Yes, I agree that is the proper way to do things. 

And If I did, the EE would take my spreadsheet of the 16 studio's and 3 bathrooms and the possible scenario's for tenant's electric use and do some sort of diversity derating of max loads. 

But stepping back a bit, this all comes down to what size service conductors. The meter can only takes up to 600 kmil conductors. So either 600 Cu at 420 amps, 500 Cu at 380 amps, 600 Al at 340 amps or 500 Al at 310 amps. Going from 500 Alum to 600 Alum cost around $40 extra. Moving up to 500 Cu costs $900 more. 

The existing 200 amp service was working for years before the idea of a potter with a 50 amp 240v kiln wanted to move in. 

It seems the 340 amp 600 Al is a good choice, and I don't believe the cost of a EE and stamped drawings would add much value.

I will present all this to the owner, and they typically agree with my recommendations.
.


----------



## oldsparky52 (Feb 25, 2020)

Elec Tricks said:


> It seems the 340 amp 600 Al is a good choice,
> 
> 
> .


I agree, for a 350-amp service with load calculations at or below 340-amps.

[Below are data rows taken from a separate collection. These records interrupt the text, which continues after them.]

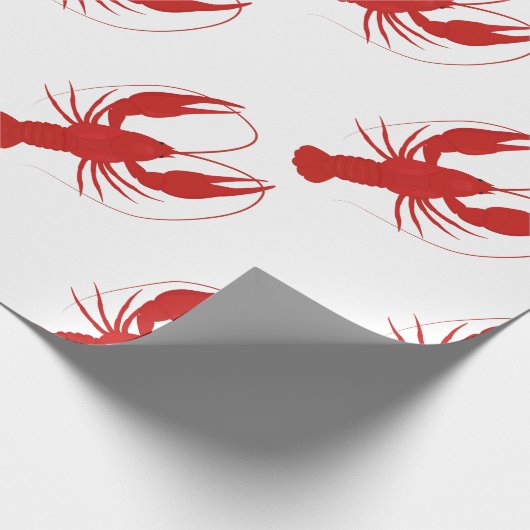 kreeft cadeaupapier (Hoek)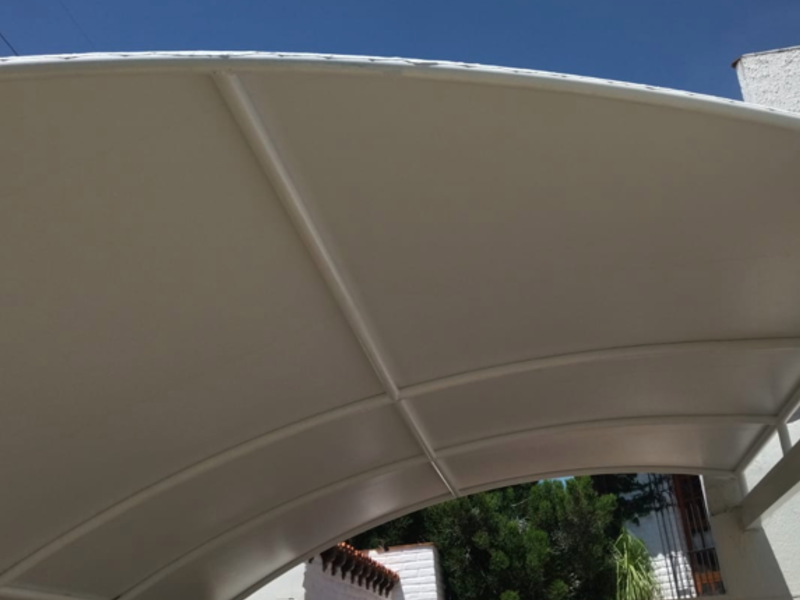 PERGOLA BLANCA MÉXICO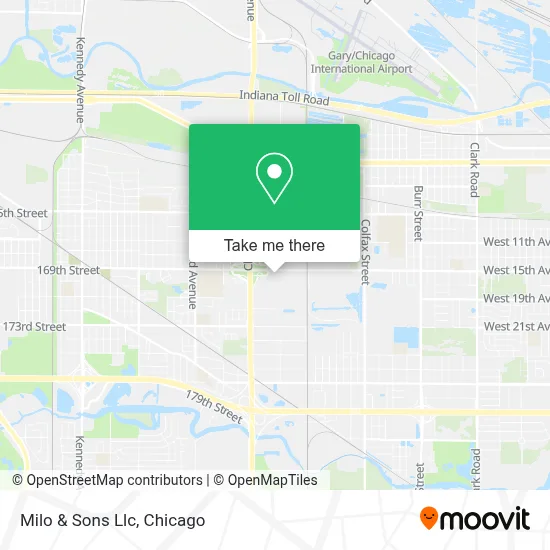Milo & Sons Llc map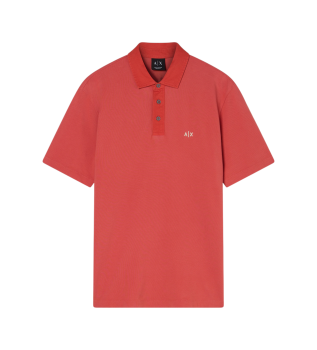 Polo Shirt Rose Of Sharon red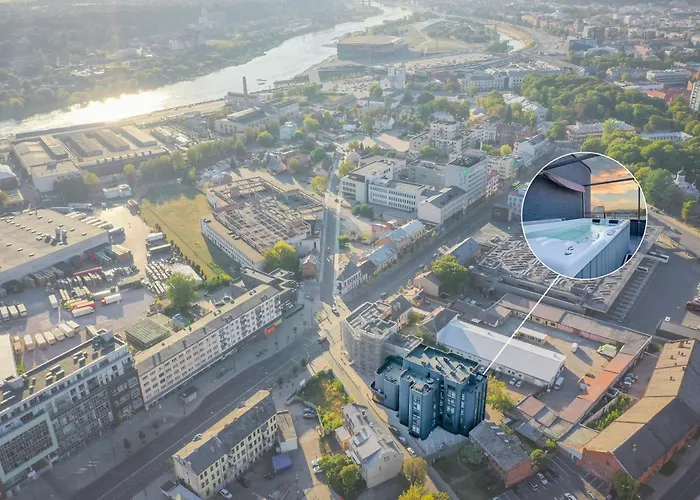 Appartement In Centre With Jacuzzi Bath *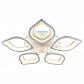 Потолочная светодиодная люстра Profit Light 8069/5+5 WHT - фото №1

Now, if you can document that the meter is rated for use with 90C terminations, then that would change things (I think) to a 400-amp service with 385-amp or less calculated load.


----------



## Elec Tricks (Nov 17, 2018)

oldsparky52 said:


> Now, if you can document that the meter is rated for use with 90C terminations, then that would change things (I think) to a 400-amp service with 385-amp or less calculated load.


I was looking at the Milbank catalog as you were writing. I believe it comes down to the K3441 lugs as the weakest link in that chain, and I can't tell what the temperature rating is from there. I assume 75C, and keep that extra 45 amps gained from the 90C rating in mind as a sort of a short term cushion. But I will ask on the Milbank Forum and send a message to the two Milbank reps that Cowboy mentioned

Thanks


----------



## CMP (Oct 30, 2019)

Elec Tricks said:


> Yes, sometimes the obvious solution is the best solution.
> Thx for the obvious!


And for the not so obvious. What would you tell the owner next spring, if he asked about the possibility of installing a couple vehicle chargers next to the building, and they want to add a second kiln for more throughput, or somebody needs a compressor installed?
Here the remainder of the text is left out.